**PROBLEM DESCRIPTION**. Set out exactly, line by line, the stretch of data below that begins at the line containing "Golden Bloom Designer Wall Clock" and ends at the line containing "vidaXL Kit fixation", with both ends kept.

■ ■ ■ ■ ■ ■ ■

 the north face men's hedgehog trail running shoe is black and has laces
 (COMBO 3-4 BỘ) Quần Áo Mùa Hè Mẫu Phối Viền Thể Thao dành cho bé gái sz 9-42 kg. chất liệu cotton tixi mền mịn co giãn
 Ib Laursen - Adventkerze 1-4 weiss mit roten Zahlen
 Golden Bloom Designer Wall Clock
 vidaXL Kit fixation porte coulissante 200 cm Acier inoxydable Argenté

■ ■ ■ ■ ■ ■ ■

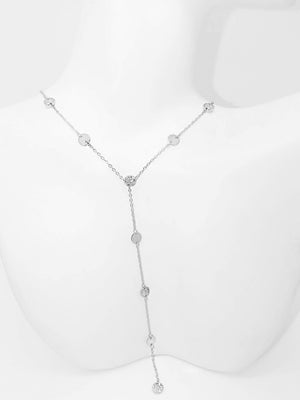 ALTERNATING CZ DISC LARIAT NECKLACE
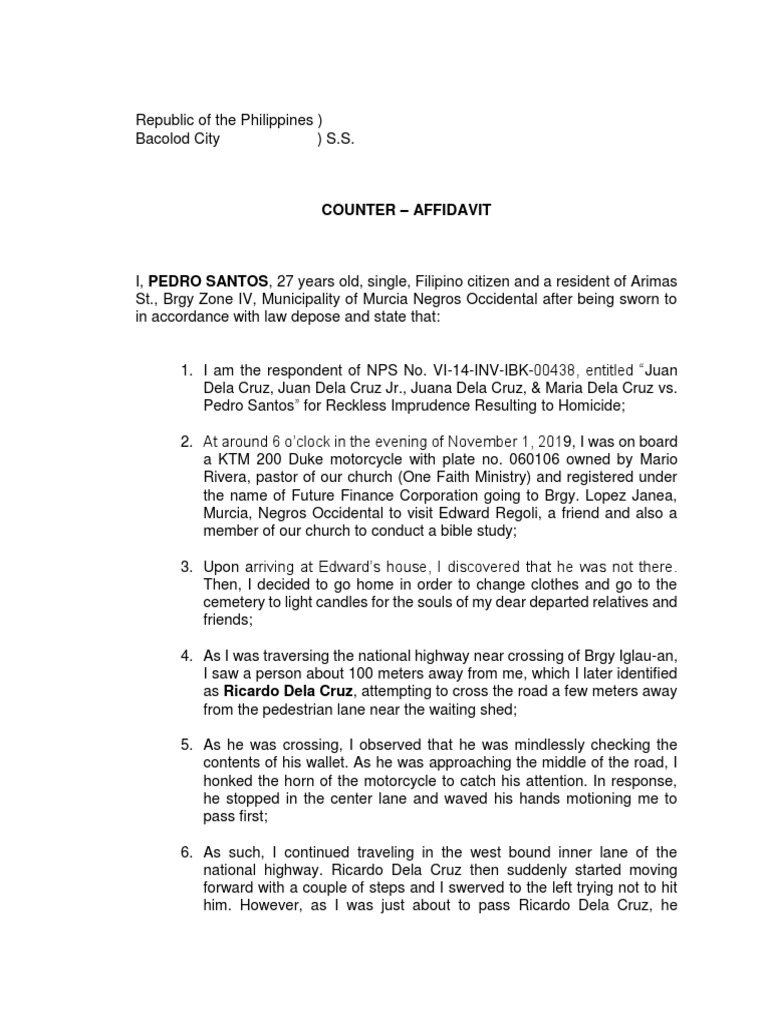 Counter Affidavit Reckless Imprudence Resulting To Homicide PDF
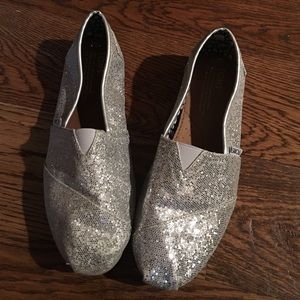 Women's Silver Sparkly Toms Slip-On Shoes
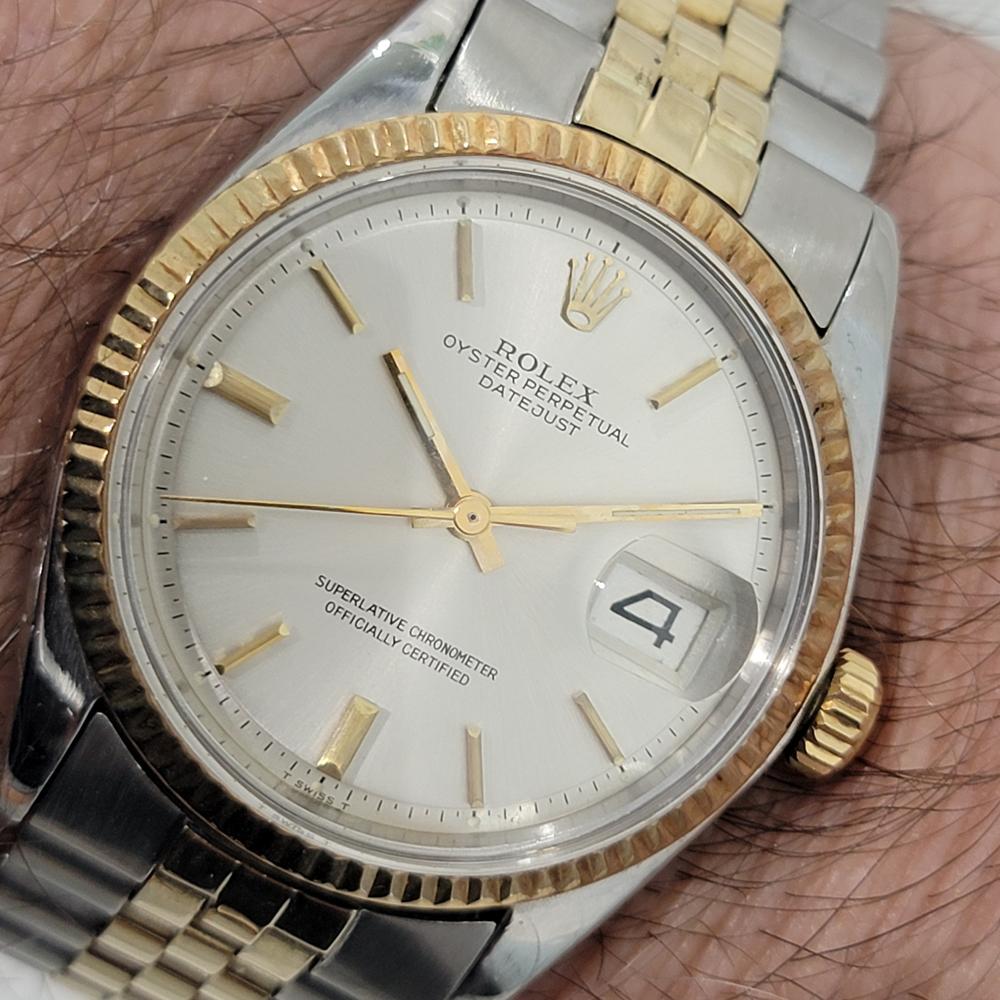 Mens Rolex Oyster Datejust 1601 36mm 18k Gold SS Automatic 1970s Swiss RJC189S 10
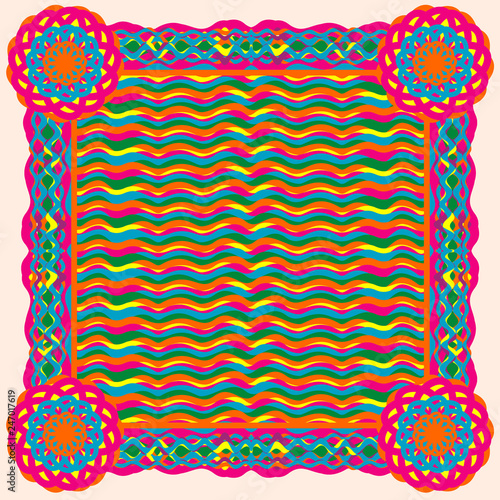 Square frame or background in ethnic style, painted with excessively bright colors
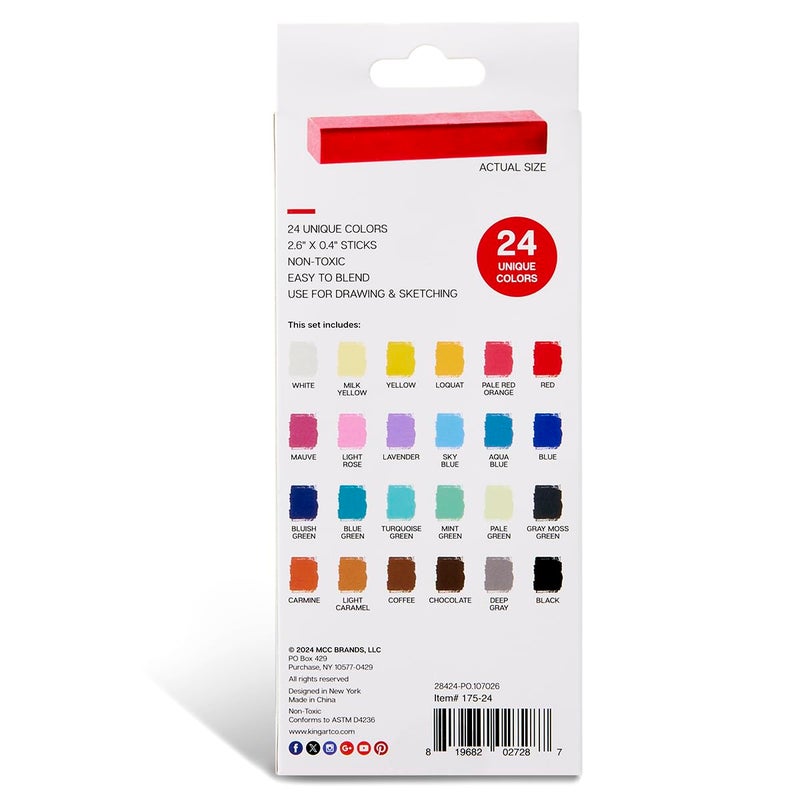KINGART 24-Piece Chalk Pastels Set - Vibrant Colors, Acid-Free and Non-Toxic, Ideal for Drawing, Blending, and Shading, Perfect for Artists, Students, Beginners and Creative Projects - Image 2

■ ■ ■ ■ ■ ■ ■

**RESPONSE AREA**.
 Golden Bloom Designer Wall Clock
 vidaXL Kit fixation porte coulissante 200 cm Acier inoxydable Argenté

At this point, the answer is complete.